Records shown Start Marker

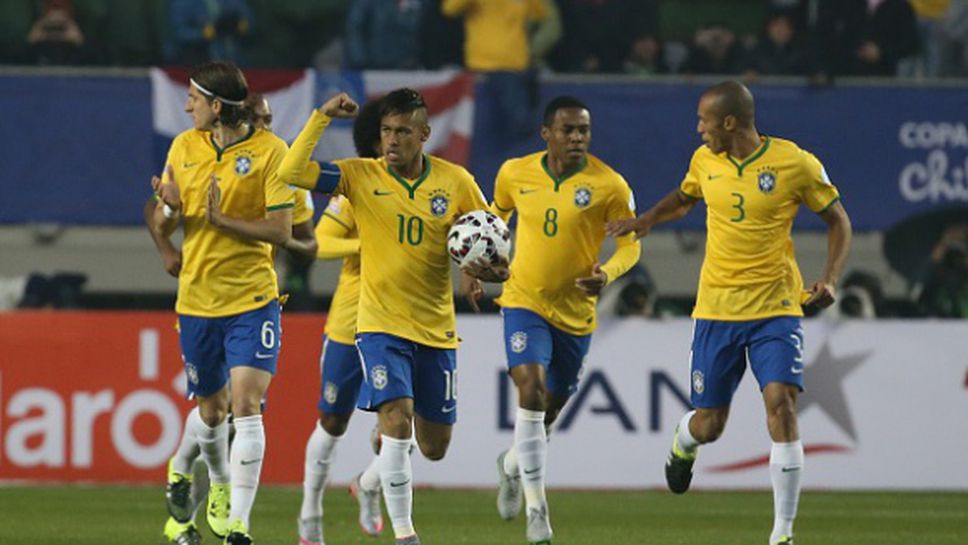 Неймар изведе Бразилия до драматичен успех на старта (видео)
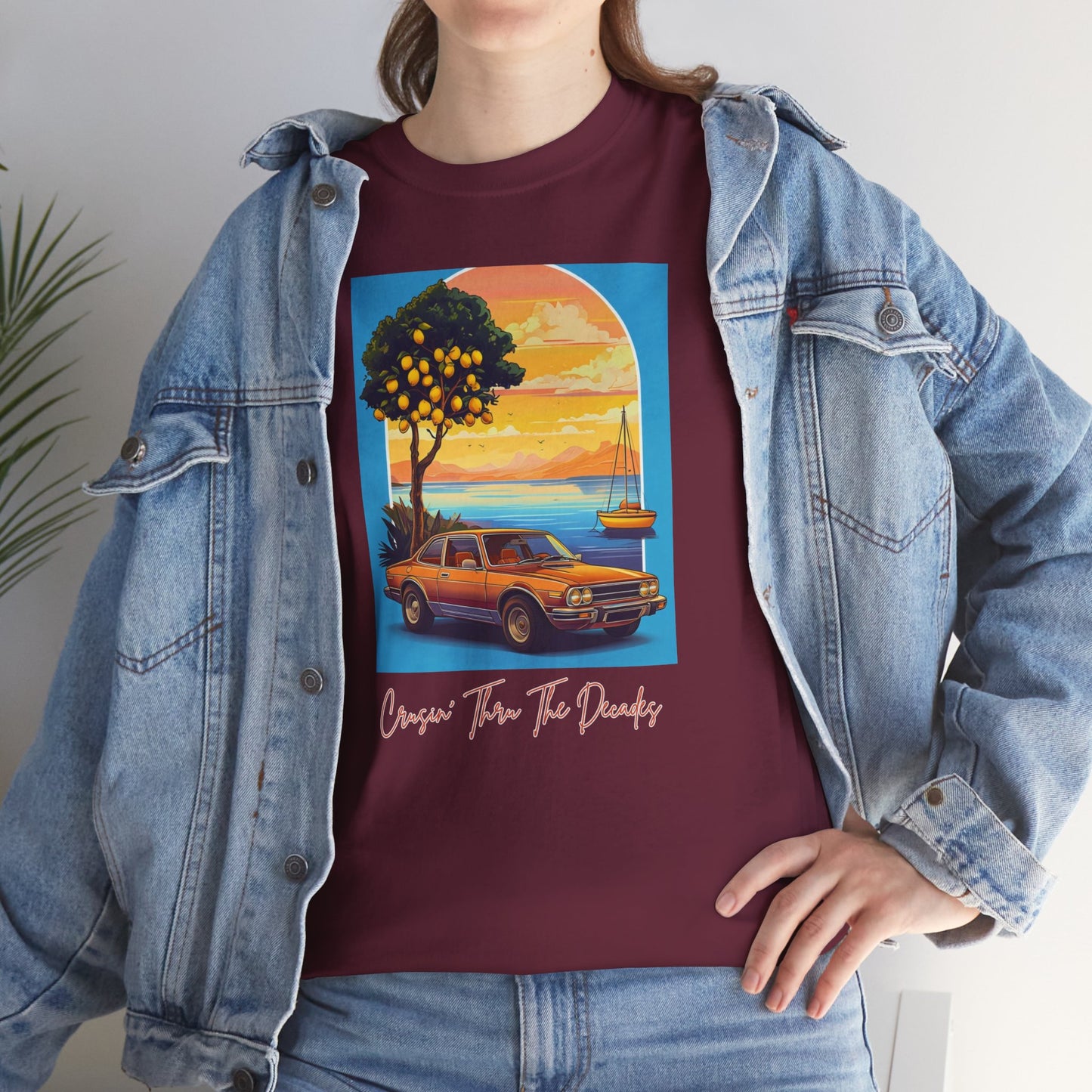 Cruising Thru' the Decade Tee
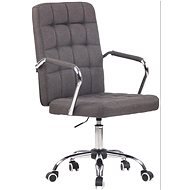 BHM Germany Terni, Textile, Dark Grey - Office Chair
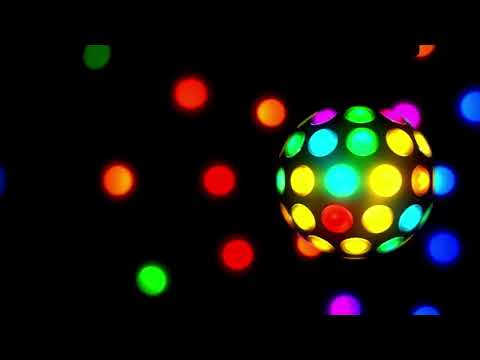 Disco Ball Party Light 4k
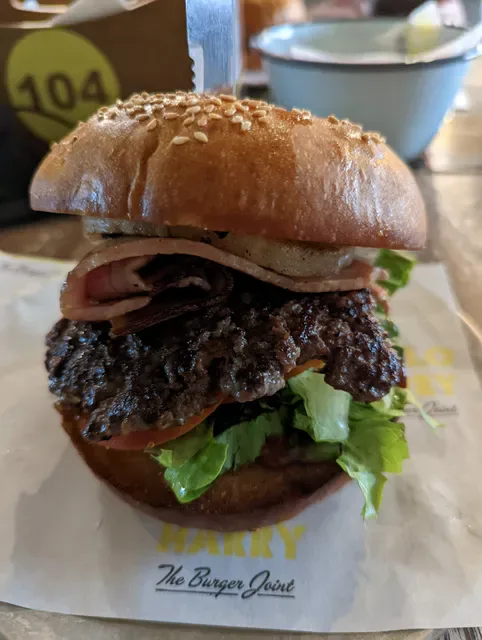 Hello Harry The Burger Joint (Jindalee)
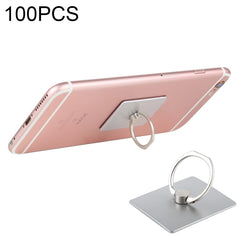 100 PCS Universal Finger Ring Mobile Phone Holder Stand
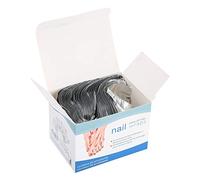 Generic 50 Envolturas de Papel de Aluminio Desechables para una Eliminación Rápida y Limpia del Esmalte de Uñas Almohadillas de Gel UV Seguras y Fáciles de Usar para Quitar Esmalte de Uñas Acrílico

Records shown End Marker

Task description.
Every line from the one containing "100 PCS Universal" through the last line of the listing must be written out again exactly, and no other line. Leave the pictures aside.

Response to this exercise.
 100 PCS Universal Finger Ring Mobile Phone Holder Stand
 Generic 50 Envolturas de Papel de Aluminio Desechables para una Eliminación Rápida y Limpia del Esmalte de Uñas Almohadillas de Gel UV Seguras y Fáciles de Usar para Quitar Esmalte de Uñas Acrílico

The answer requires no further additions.